Until that time, I try to locate the pinpricks; the living traces of a summer dream that have continued, trembling, and against all reason, to persist.
They live as lessons, as asterisks, as glowing retaliations against a winter that pretends it could exist no other way. They are the jars of fruit, the hand-me-downs of ancestry that sustain us in the hope that conditions will, one day, be ripe again for another becoming.
Like something that would continue.
The sentence sits there in reserve, emphatically italic, and it sidles out as a cagey epilogue whenever I blink in doubt, whenever I pause to give any given thing a second thought.
It's been following me all week.
Pension schemes, like something that would continue. My mother, planting Cypress trees, like something that would continue. It's as flimsy as it is unyielding, a pretense that's continually shocked, beaten down, and bought anew; yet our compass is inclined to live as if it could always be true (as if, as if -- the imposition of continuity).
Now the poles that led the compass have come askew, and it's becoming clearer that nothing in this world exists in the places we have been directed to.

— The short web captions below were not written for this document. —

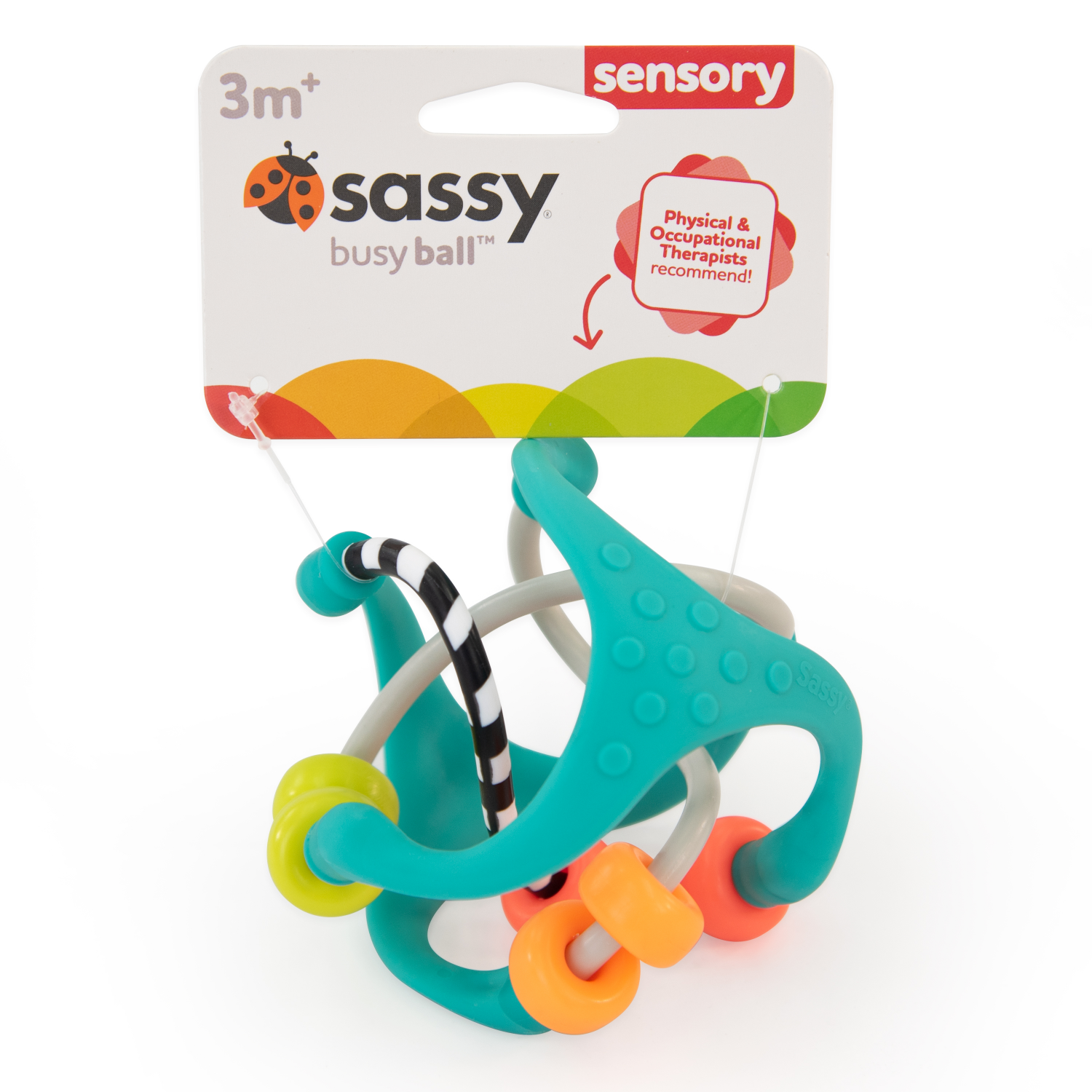 slide 2 of 3, Sassy Busy Ball, 1 ct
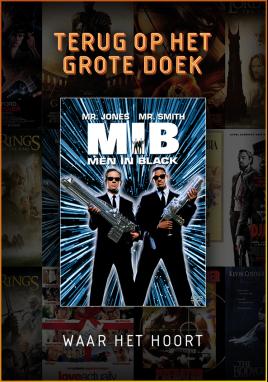 Men in Black - 25 Year Anniversary (Vue Classic)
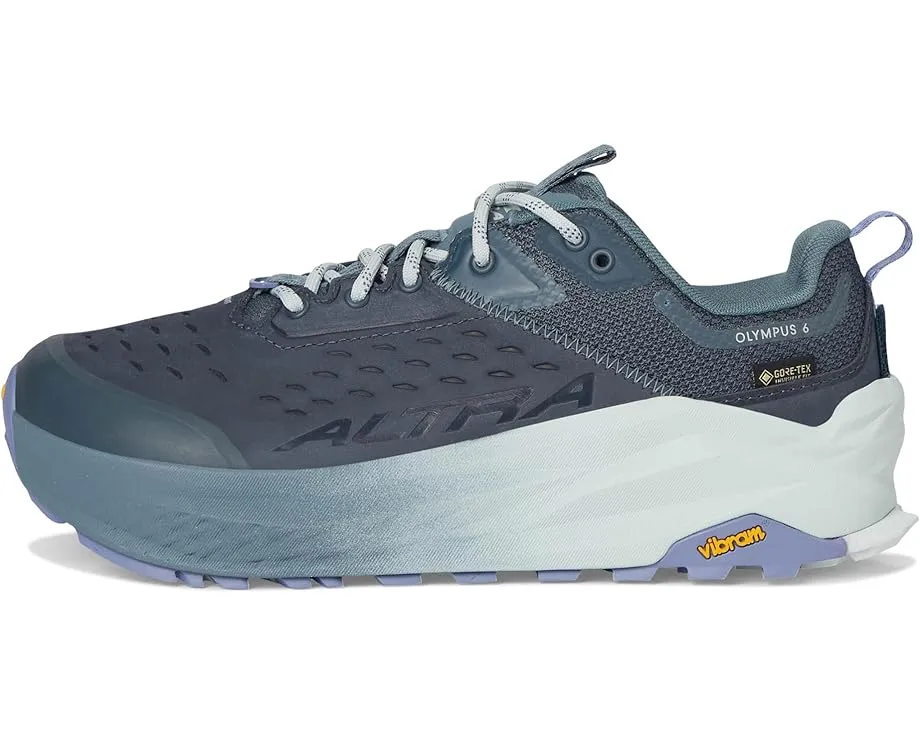 Altra Olympus 6 Hike Low GTX низкие водонепроницаемые кроссовки с технологией GORE-TEX и подошвой Vibram
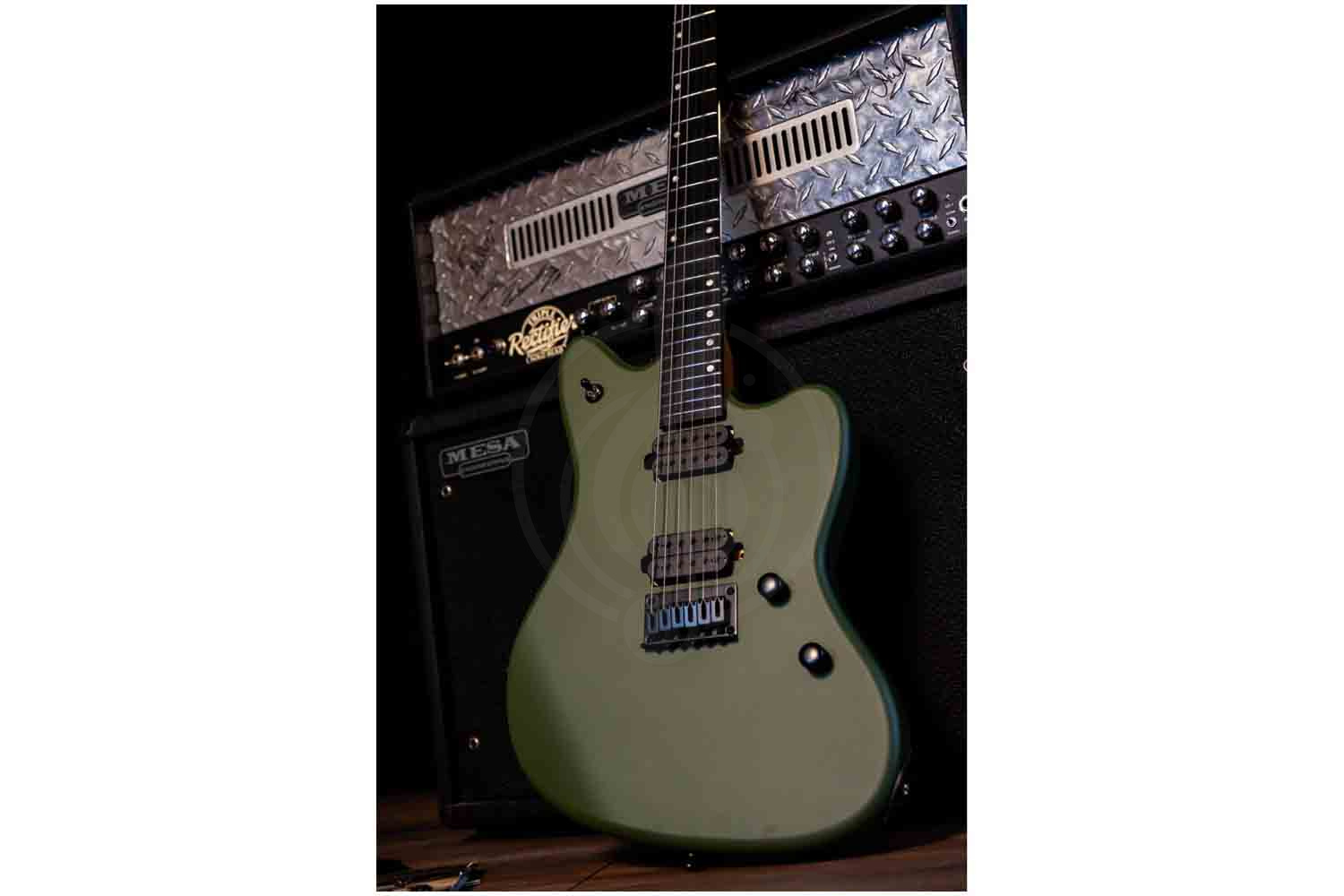 Электрогитара Jazzmaster SPIRA J-400 MGR - Электрогитара - фото 4
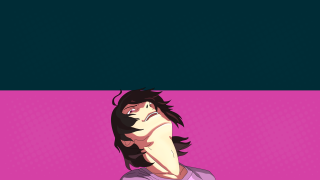 Man pink shirt gradient background - a pink shirt free wallpaper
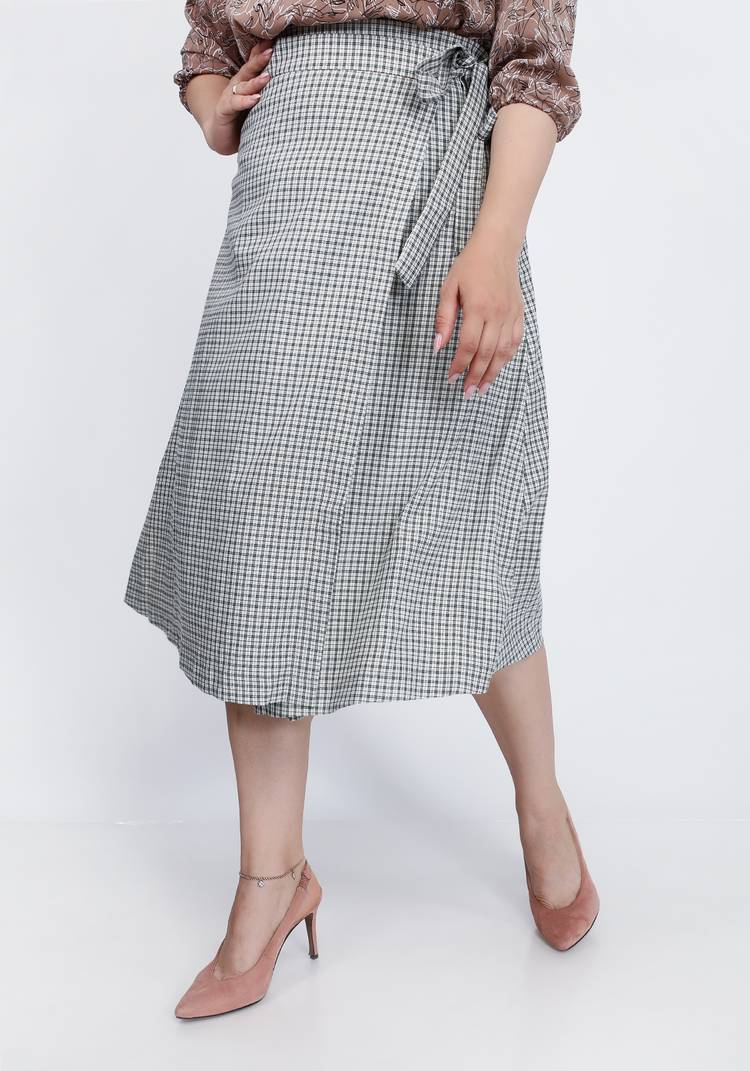 Юбка на запах шир.  750, рис. 8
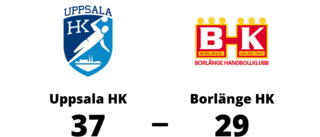 Två poäng för Uppsala HK hemma mot Borlänge HK
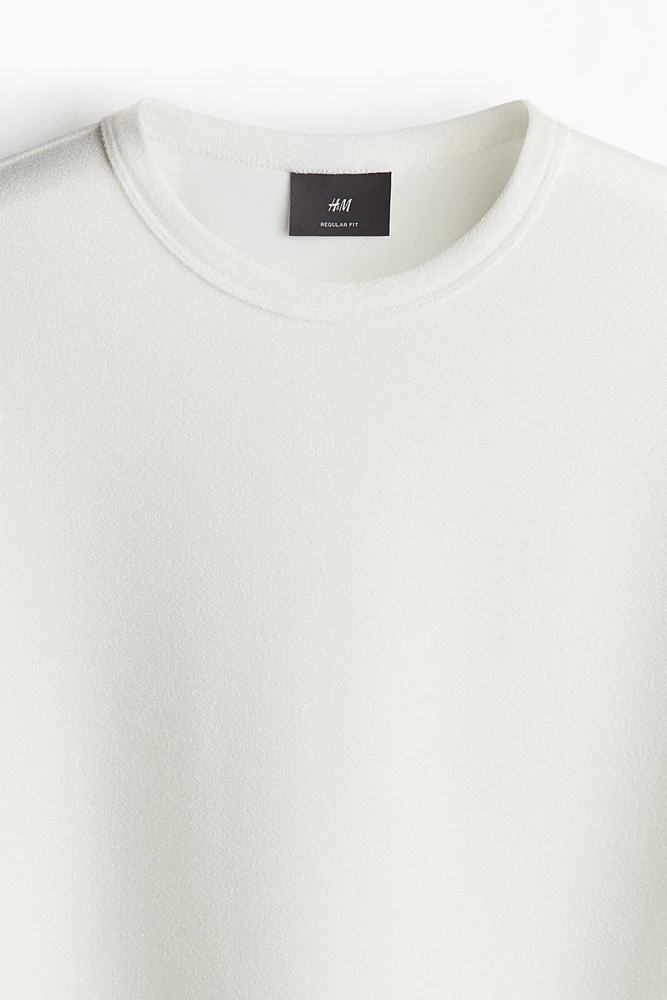 Regular Fit Glittery T-shirt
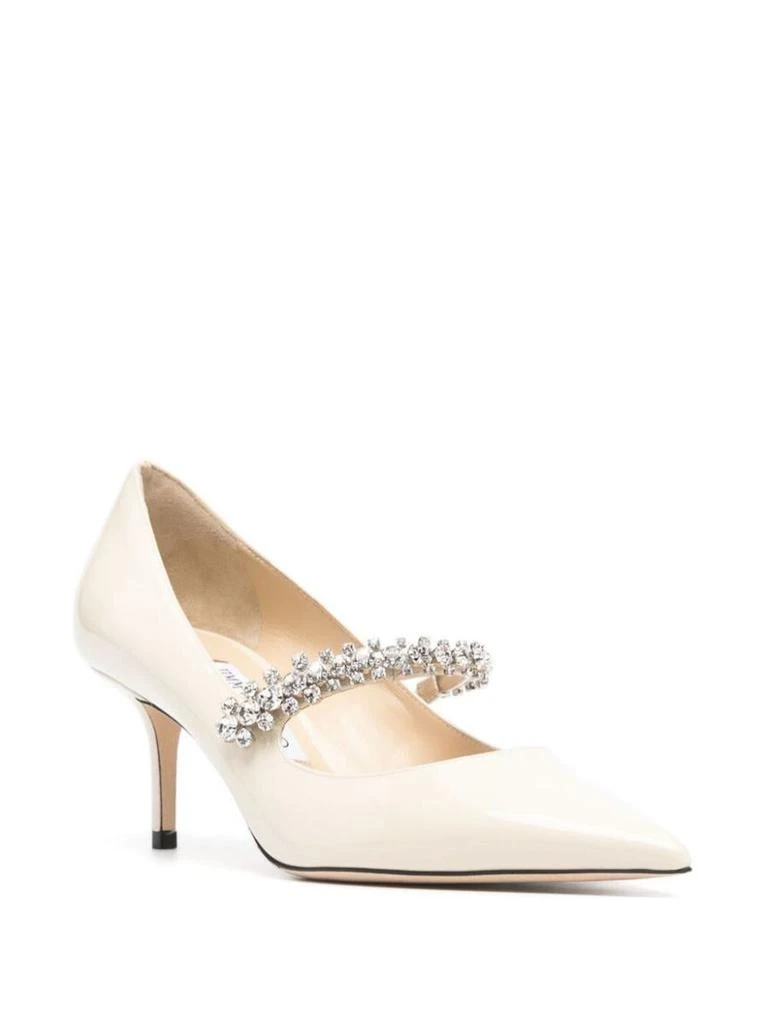 Jimmy Choo Jimmy Choo Swarovski Decollete Shoes 2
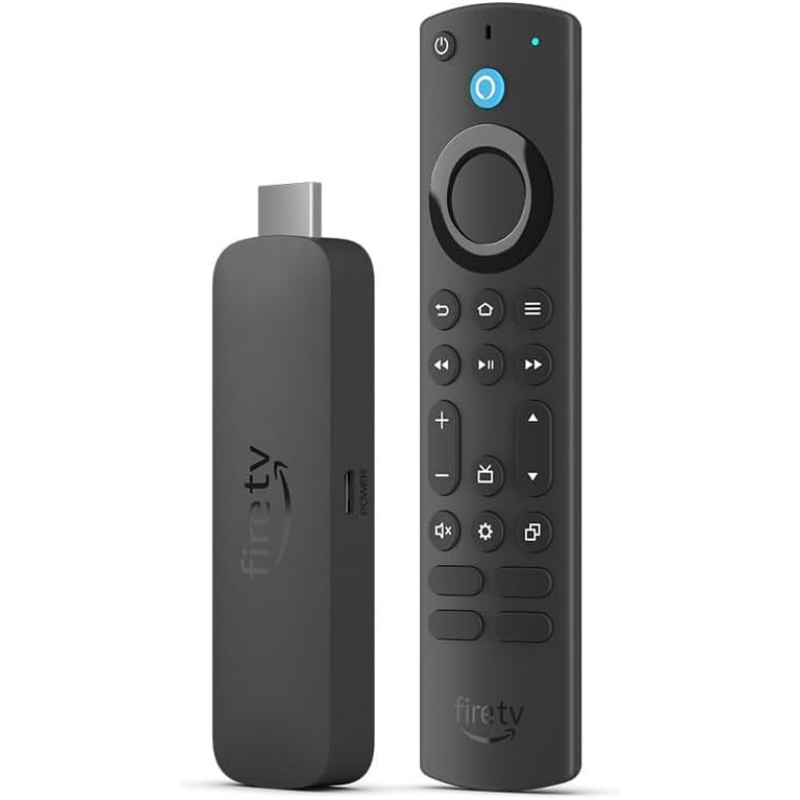 Amazon Fire TV Stick 4K Max Appareil de streaming (Wi-Fi 6E, 2023)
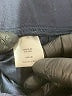 ATM 100% Polyester Chevron-herringbone Blue Casual Pants Size S - photo 8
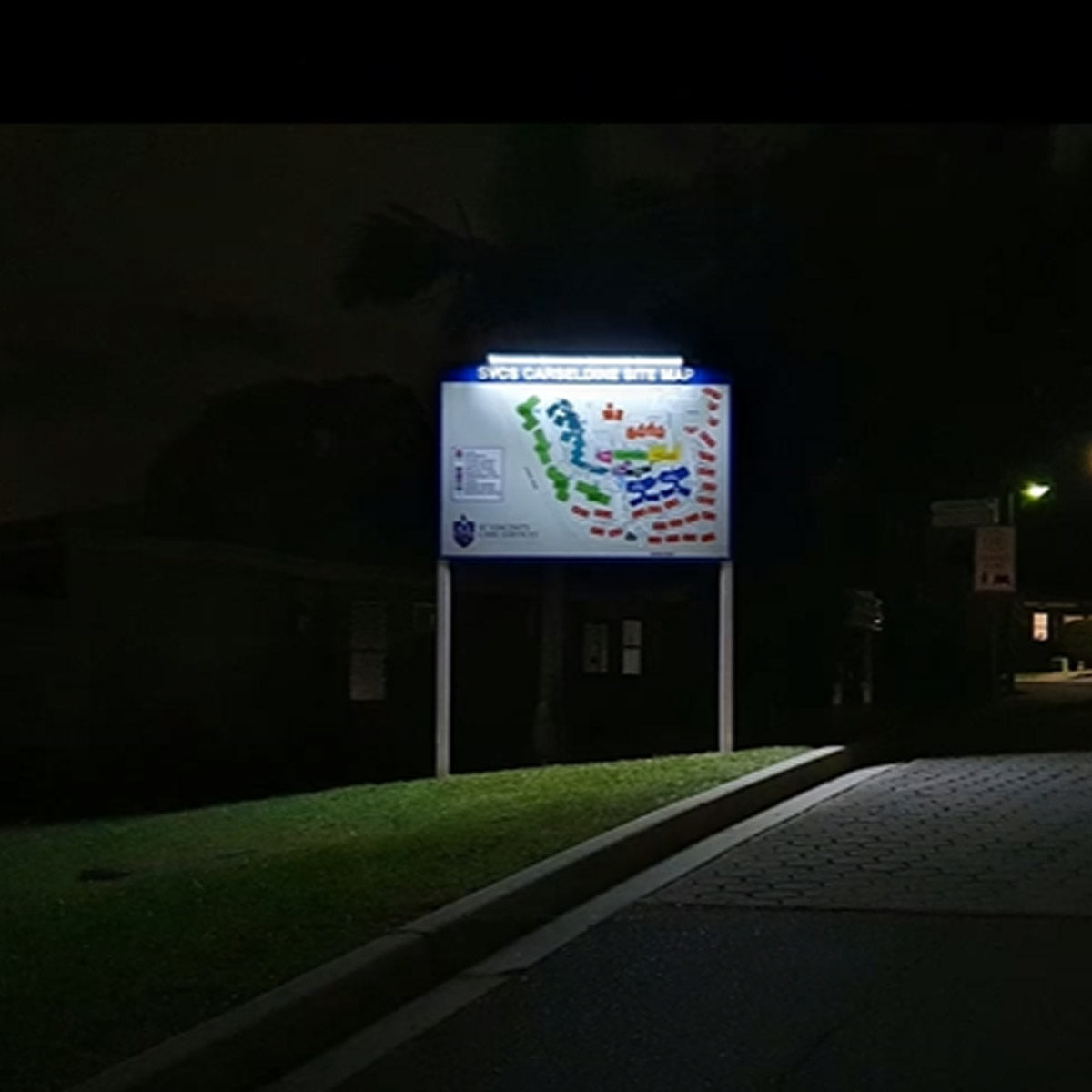 SB Series Solar LED Sign & Billboard Light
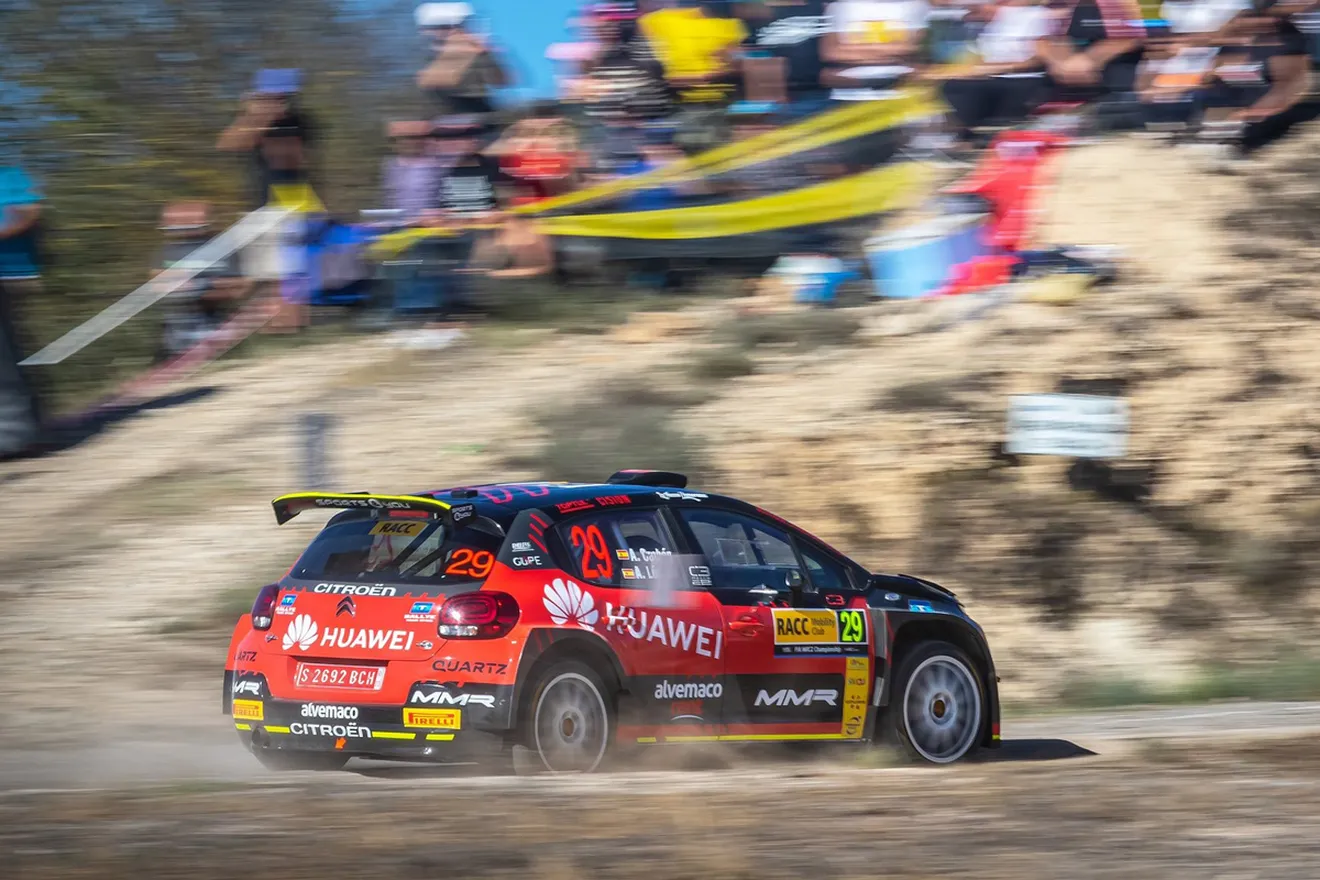 ¡Alejandro Cachón salta al WRC! Programa de siete rallies en WRC2 en 2023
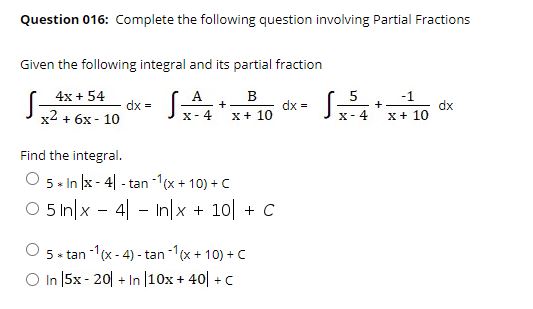 Answered Question 016 Complete The Following Bartleby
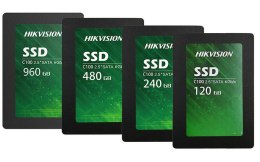 HIKVISION Dysk SSD HIKVISION C100 2TB SATA3 2,5" (560/500 MB/s) 3D TLC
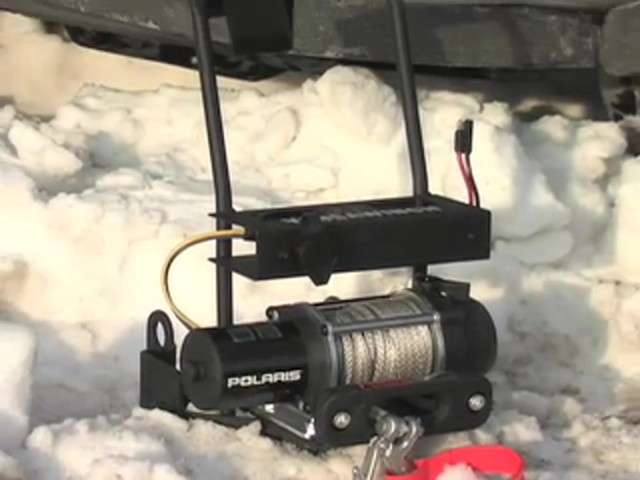 Polaris&reg; Versawinch Portable Recovery System Black - image 8 from the video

I'd like to issue a search warrant for the future we were told there was to be.
This present mode of thinking brings an unusual tenor to my memories -- I feel like the future that I leaned on in my past has collapsed into an irretrievable hologram. The memories themselves feel amputated, made unreal.
I miss the idea of a legacy; something you would want to get right. I also miss the future that was gestured to in the closing lines of children's stories. If time were read against the grain, could these moments exist if they didn't rise back from some future space? That's the wound to which I am trying to attend: that these stories, these life events, didn't proceed to be cut from the stem; that this was -- still is -- part and parcel with that future that gave that past shape.
I wonder how things would appear without the tacit presumption that they'd continue to be. How many singular things are out there that we might not see, because we were blinded by the will for continuity? How many last times have we unwittingly seen off with a shrug. How many first times are now quietly submerging us, because we are starved of the words by which to address them.
I wonder what happens if we lose our ability to project. If there is something good to be found there, it may be the experience of a novel sensitivity. No more reaching for things. You know, I have been loving the word ambivalent recently.
Maybe it's not the finitude of the world that's troubling, but its openness, its unfinishedness.
Regarding the tireless itinerary of construction that sprawled ahead of us, a friend of mine once asked, "when will London be finished?"